Now that I've lived in California for nearly 20 years, I am recognizing that there are three types of people in the Bay Area. There are the people who live in the Bay Area because industry brought them here and the cultural scene, loosely defined, fills their lives. These people take excursions out of the Bay Area to the wine country, Tahoe and perhaps south to LA and possibly Monterey.
Then there are the people who have a greater awareness of being a Californian and are engaged beyond the Bay Area. These folks are less San Francisco-focused and spend time exploring the less popular excursions, really getting to know the state's communities, natural wonders, its history and diverse cultural offerings.

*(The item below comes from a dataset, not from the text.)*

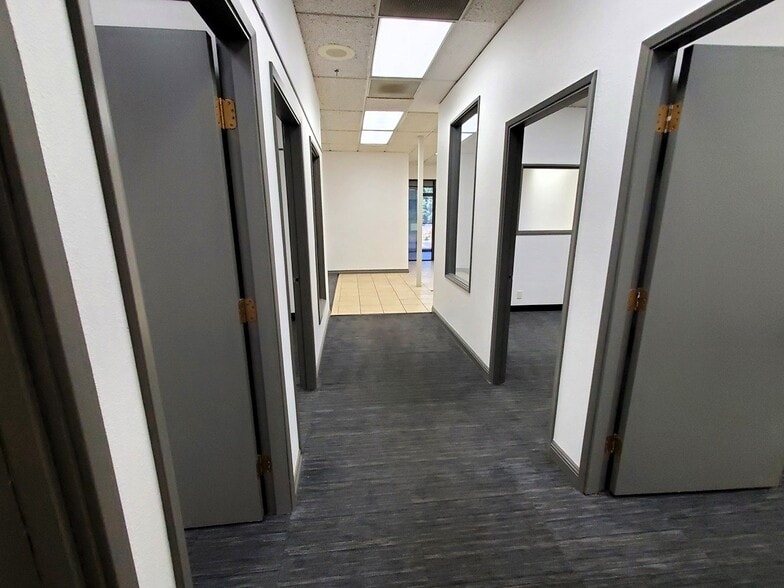 More Photos Of 25228-25230 104th Ave, Kent Office For Lease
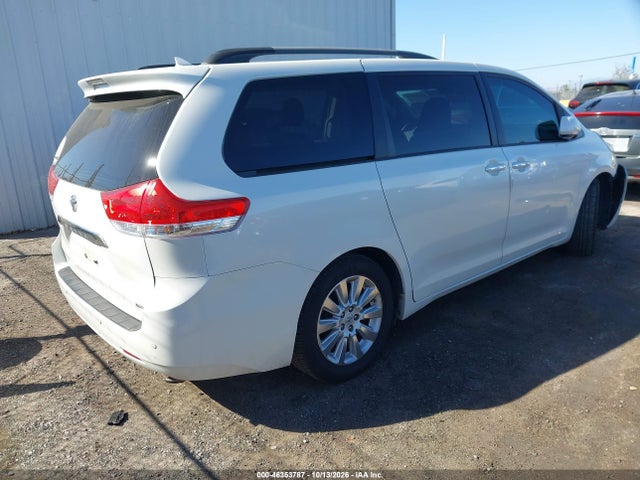46353787 :رقم المزاد ، 5TDYK3DC8BS037963 vin ، 2011 Toyota Sienna Limited V6 مزاد بيع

I definitely fall into category two and as I interact with more people I am finding that I really enjoy those who savor the "greater" California. The tell-tale sign of meeting folks like me is that we want to talk about the local and sometimes obscure hikes we have trekked, state parks we have traversed, small towns we have visited, and of course visiting my beloved Missions.
Then there is a third type of Bay Area person and these are the folks who are afraid of Oakland. Some of the fearful even live in Oakland, which is a perception barrier this wonderful city has to help them overcome. When I tell people I live in Oakland I immediately have to listen to a joke about how it is unsafe. If these people actually visit me they always state concerns about their car getting stolen or their being mugged on the streets. I'm compelled to convert these people. This is my Oakland Mission.
How do you evolve into a Californian? You connect with your local community, are open to meeting folks who live outside of the Bay Area, and really settle into the state as your home. This has taken me nearly twenty years but I do believe I am now officially a Californian.